Я думал о нем то же самое. Но захочет ли он расстаться с кругленькой суммой в сто пятьдесят тысяч фунтов стерлингов?
К обеду Карин немного успокоилась и, как обычно, незадолго до закрытия магазина уехала домой на автобусе. Я решил вечером во что бы то ни стало поднять ей настроение. Когда я вернулся с работы, Карин принимала ванну, поэтому я взял садовые ножницы, вышел в сад и срезал огромный букет всевозможных цветов, украшением которого стал высокий стебель пурпурного гладиолуса, усеянный двадцатью бутонами. Мне было жалко его срезать, но оно того стоило. С охапкой в руках – «короткие и длинные, с жучками и былинками», как любил говорить отец, – я поднялся в спальню и вручил цветы Карин (она не боялась насекомых), которая сидела на краю ванны, источая аромат вербены. Она попросила меня постричь ей ногти на ногах и, налив в ванну немного холодной воды, один за другим стала укладывать туда цветы, требуя, чтобы я называл каждый цветок по-английски.
– Ты еще поработаешь в саду? – спросила она, выходя в спальню.
– Да, наверное.
– Lass mich helfen[117]. Посади меня в садовую тачку и вкати в куст остролиста, как Петра Великого.
– Да уж, хороша помощница! Только куст остролиста уже занят сверчками. А Петр Великий был чудовищем.
– А может, я тоже чудовище? Р-р-р-р-р-р! Гав-гав! – Она бросилась на меня и повалила на кровать.
– Нет-нет, Карин, не начинай! Прекрати, я сказал! Не сейчас. Пойдем в сад, если хочешь. Только надень свою рубашку, как у Энни Оукли.
– Ладно, минут через двадцать. Ах, какие очаровательные цветы, Алан! Спасибо! Уложи их на меня, пожалуйста! Особенно вон тот, длинный, пурпурный… как он называется? А, гладиолус. А что это значит?
– Цветок-меч.
– И тебе самой меч пронзит душу… Где это я недавно слышала?
– В прошлое воскресенье, в церкви.

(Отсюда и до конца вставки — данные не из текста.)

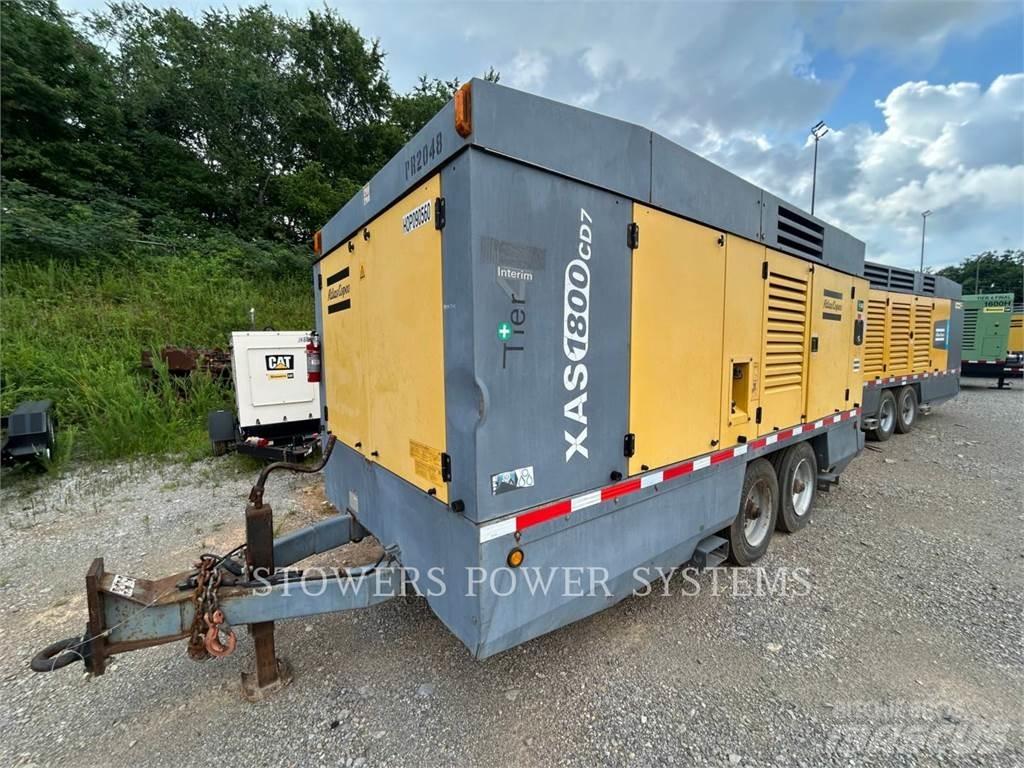 Atlas Copco XAS1800 Secadores de aire comprimido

Дитя сие будет причиной падения и возвышения для многих в Израиле и станет знамением, которое будет многими отвергаемо…
– Да, помню. Тони очень проникновенно читает проповедь.
Тут из прихожей донесся голос Тони:
– К вам можно? Вы дома?
– Сейчас спустимся! – ответил я.
– Что ж, отложим на потом, – шепнула мне Карин и, соскользнув с кровати, начала одеваться.

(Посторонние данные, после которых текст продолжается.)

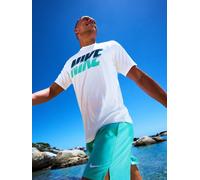 Nike Canotta protettiva a maniche corte con logo Nike. medium Bianco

Тони пришел с сынишкой, Томом. Они ходили на реку и заглянули к нам в гости, взлохмаченные, с полотенцами на плечах, увлеченно жуя яблоки. Я разрешил Тому помочь мне полить георгины и гладиолусы (воды досталось не только цветам), потом он снова надел мокрые плавки и радостно потребовал, чтобы я окатил его из шланга, пока Карин и Тони пили мадеру в тени.

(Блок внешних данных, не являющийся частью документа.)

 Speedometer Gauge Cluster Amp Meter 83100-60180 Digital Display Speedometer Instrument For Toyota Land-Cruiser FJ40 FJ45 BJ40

Когда Тому надоело с визгом носиться под струей воды, я свернул шланг, и мы отправились к шезлонгам.
– …Отпущение грехов? – говорила Карин.
– Что-то в этом роде, – ответил Тони. – А если бы кто согрешил, то мы имеем ходатая пред Отцем, Иисуса Христа, праведника; Он есть умилостивление за грехи наши…
– За любые грехи? Ну, вы так раньше упоминали.